Un'opera gigantesca a forma di vulva accende un dibattito culturale in Brasile. L'opera si chiama Diva ed è esposta nel parco di arte rurale dello stato di Pernambuco, nel nordest del Paese. Quest'opera ha creato una fortissima polemica in Brasile e non solo, si è spostata su tutti i social network da quando è nata.

La maternità dell'opera è di Juliana Notari, la quale ha deciso di realizzare la vagina come una ferita, mettendo in discussione attraverso di essa il rapporto tra natura e cultura in una società "fallocentrica e antropocentrica". Come la stessa artista ha dichiarato alla CNN, la scultura è stata una sfida e nasconde un ampio e profondo significato di protesta:

"È una delle ferite più grandi che ho creato. Questa ferita è, tuttavia, infinitamente minore rispetto ai traumi della schiavitù, del lavoro senza tutele, dell'ecocidio e dei traumi violenti che si sono verificati in questa centrale elettrica, come in altre proprietà coloniali private". La scultura ha dimensioni gigantesche è di circa 33 metri, e l'accesa polemica nasce della fazione politica più conservatrice del Paese e dello stesso presidente Bolsonaro. Lo scrittore e filosofo Olavo de Carvalho, considerato da molti il guru politico del presidente, ha infatti criticato su Twitter il lavoro artistico di Notari, proponendo di contrastarlo con una scultura di un pene gigante. Inoltre, dalla destra, l'opera è stata accusata di essere "transfobica", e persino "razzista", dato, a quanto pare, è stata una squadra composta da 20 uomini di colore ad aver aiutato a costruire l'opera sul sito scelto dall'artista brasiliana.

A ogni modo, la comunità artistica e i movimenti delle donne in tutto il mondo stanno sostenendo la controversa opera, perché nessuno si aspettava che una scultura locale generasse un'ondata di odio sui social network.

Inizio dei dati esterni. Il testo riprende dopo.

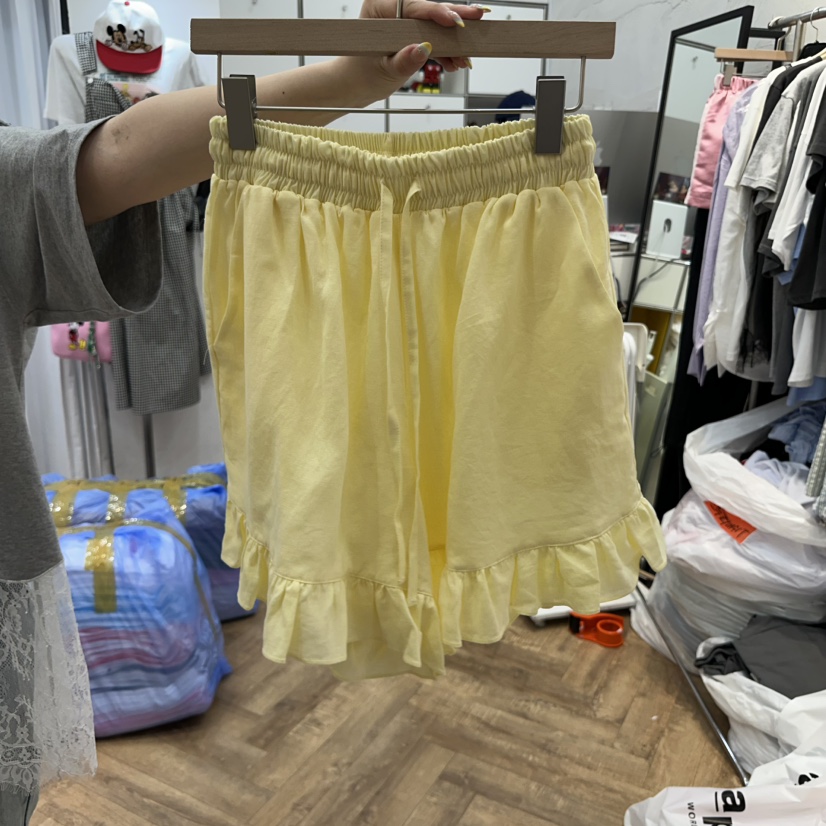 DE LINE韓國㊣直郵東大門代購女裝新品熱賣休閑推薦短褲亞麻DE LINE短褲圖色1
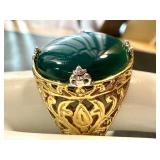 Vintage Size 8 Sterling Silver, 18k Gold, and Bronze Ring with Green Chalcedony Stone Vintage Size 8 Sterling Silver, 18k Gold, and Bronze Ring with Green Chalcedony Stone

Kleber Mendonça Filho, un regista residente nella regione in cui si trova l'opera, non ha esitato a elogiarla affermando che "le reazioni al tuo lavoro sono uno specchio [della società], un [segnale di] successo".

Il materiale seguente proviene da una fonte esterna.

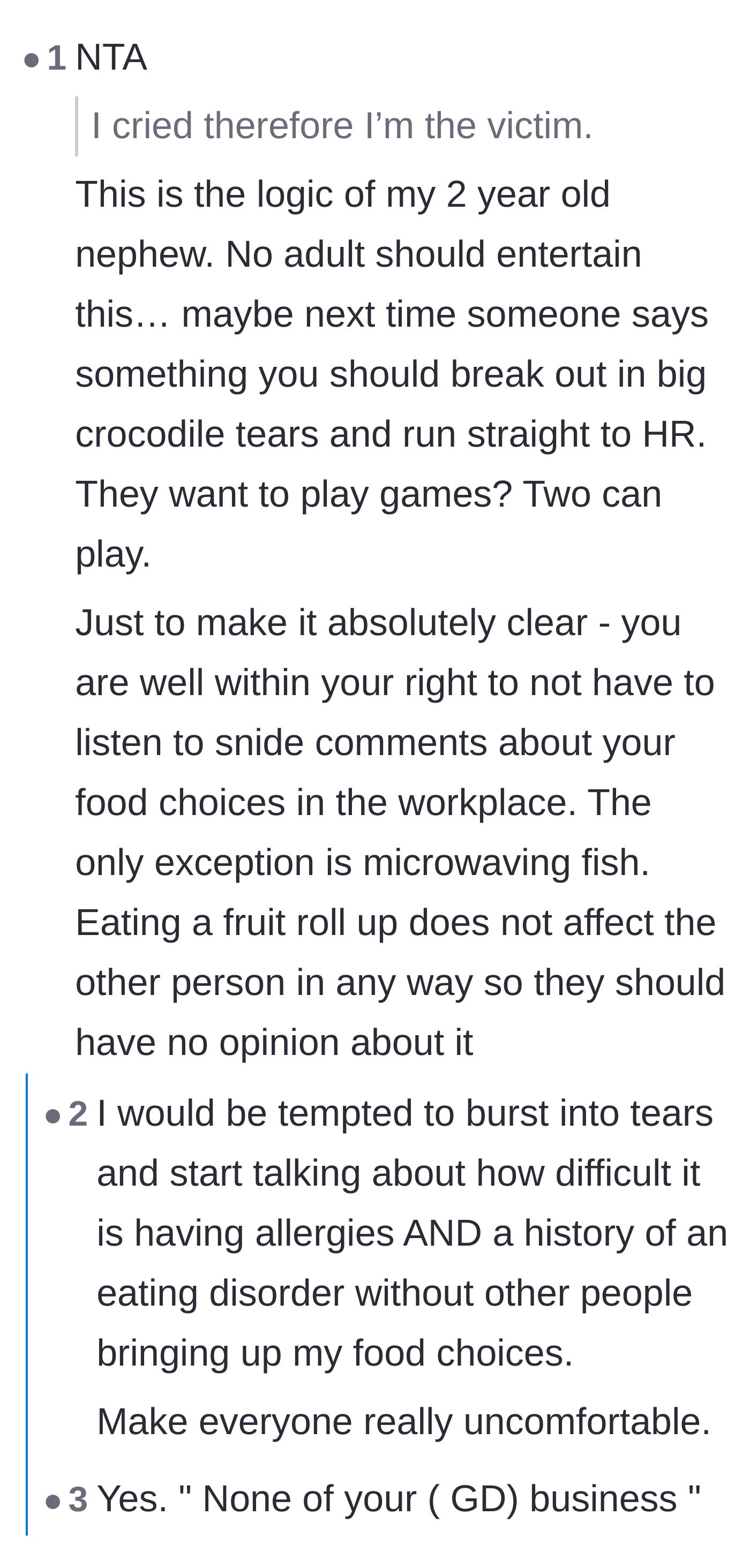 Comment thread 5 - Mocking the coworker's weaponized tears and sharing an extreme story about pushing back against breakroom food policing.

Ed effettivamente, in un certo senso, è molto curioso che nel 2021 ci siano ancora persone che si sentono così minacciate o a disagio alla vista non solo di una vera vulva, ma anche di una rappresentazione puramente artistica e abbellita di un genitale femminile, e che ritengono sia "osceno" che questa faccia parte del patrimonio culturale di una regione, quando abbiamo degli obelischi – i quali, lo ricordiamo, non sono altro che l'epitome del culto del fallo di Osiride – che presiedono ai centri nevralgici di tutte le capitali mondiali.

Proprio a causa di questa reazione critica sproporzionata, opere come Diva sono ancora necessarie e continuano a ricordarci che, nonostante i progressi compiuti per i diritti e le libertà delle donne, la società occidentale continua a essere fondamentalmente patriarcale, e che questo rifiuto totale di normalizzare e convertire in simbolo attributi strettamente femminili rimane un'aperta dimostrazione di discriminazione contro le donne. Per dirla con le parole della stessa artista:

Diva è una possibilità (di cambiamento) perché passa attraverso il patriarcato strutturale del Brasile, che è continuamente rafforzato dall'incitamento all'odio di estrema destra di Jair Bolsonaro.